**SUPPLIED INFORMATION**
BEGIN

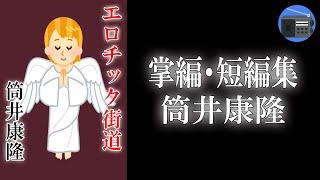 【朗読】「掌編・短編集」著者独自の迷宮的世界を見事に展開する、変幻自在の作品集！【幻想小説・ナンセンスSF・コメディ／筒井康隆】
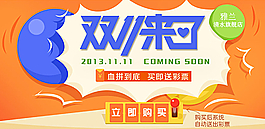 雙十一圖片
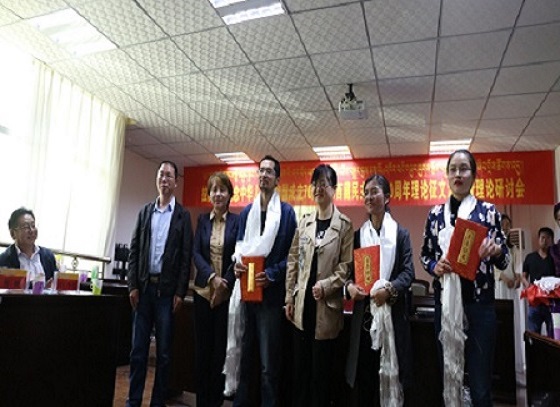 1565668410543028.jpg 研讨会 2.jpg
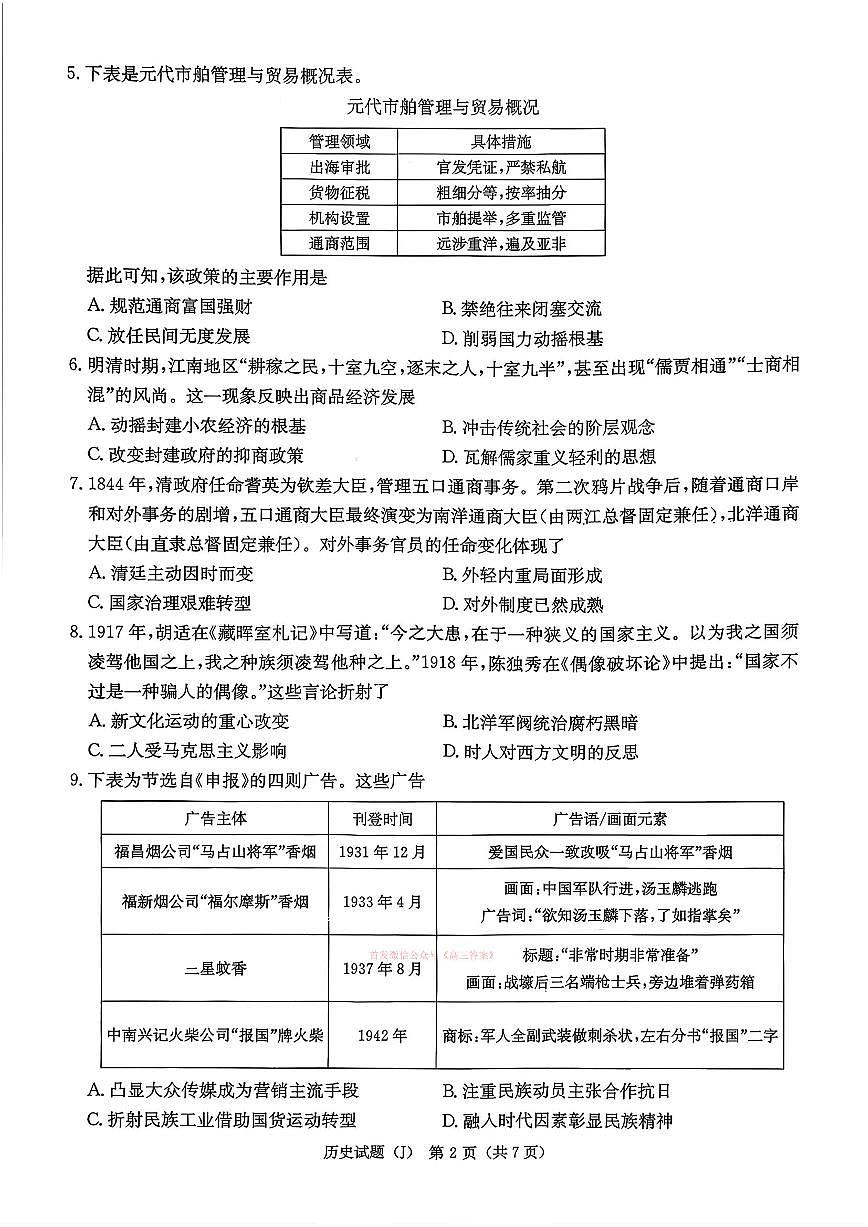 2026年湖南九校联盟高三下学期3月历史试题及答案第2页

END

**TASK PROMPT**
Where the data contains images, drop them and print the rest exactly.

**ANSWER FOR THE TASK**
 【朗読】「掌編・短編集」著者独自の迷宮的世界を見事に展開する、変幻自在の作品集！【幻想小説・ナンセンスSF・コメディ／筒井康隆】
 雙十一圖片
 1565668410543028.jpg 研讨会 2.jpg
 2026年湖南九校联盟高三下学期3月历史试题及答案第2页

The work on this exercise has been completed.